(Working data Opens)

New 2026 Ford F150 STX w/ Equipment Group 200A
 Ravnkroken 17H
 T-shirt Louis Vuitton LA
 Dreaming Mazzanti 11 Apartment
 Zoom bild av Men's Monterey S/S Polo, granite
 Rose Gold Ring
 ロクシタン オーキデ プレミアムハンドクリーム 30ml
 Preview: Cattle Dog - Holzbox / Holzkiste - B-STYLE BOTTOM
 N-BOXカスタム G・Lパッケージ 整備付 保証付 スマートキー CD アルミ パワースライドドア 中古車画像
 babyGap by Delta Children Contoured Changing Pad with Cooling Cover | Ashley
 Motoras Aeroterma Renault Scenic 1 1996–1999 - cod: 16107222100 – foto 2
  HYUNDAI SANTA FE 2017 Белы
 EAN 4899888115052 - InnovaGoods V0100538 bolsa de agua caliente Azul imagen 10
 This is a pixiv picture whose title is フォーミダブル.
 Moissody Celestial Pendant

(Working data Closes)

--- Exercise ---
Above are some records; repeat all of them exactly.

--- Result for this task ---
New 2026 Ford F150 STX w/ Equipment Group 200A
 Ravnkroken 17H
 T-shirt Louis Vuitton LA
 Dreaming Mazzanti 11 Apartment
 Zoom bild av Men's Monterey S/S Polo, granite
 Rose Gold Ring
 ロクシタン オーキデ プレミアムハンドクリーム 30ml
 Preview: Cattle Dog - Holzbox / Holzkiste - B-STYLE BOTTOM
 N-BOXカスタム G・Lパッケージ 整備付 保証付 スマートキー CD アルミ パワースライドドア 中古車画像
 babyGap by Delta Children Contoured Changing Pad with Cooling Cover | Ashley
 Motoras Aeroterma Renault Scenic 1 1996–1999 - cod: 16107222100 – foto 2
  HYUNDAI SANTA FE 2017 Белы
 EAN 4899888115052 - InnovaGoods V0100538 bolsa de agua caliente Azul imagen 10
 This is a pixiv picture whose title is フォーミダブル.
 Moissody Celestial Pendant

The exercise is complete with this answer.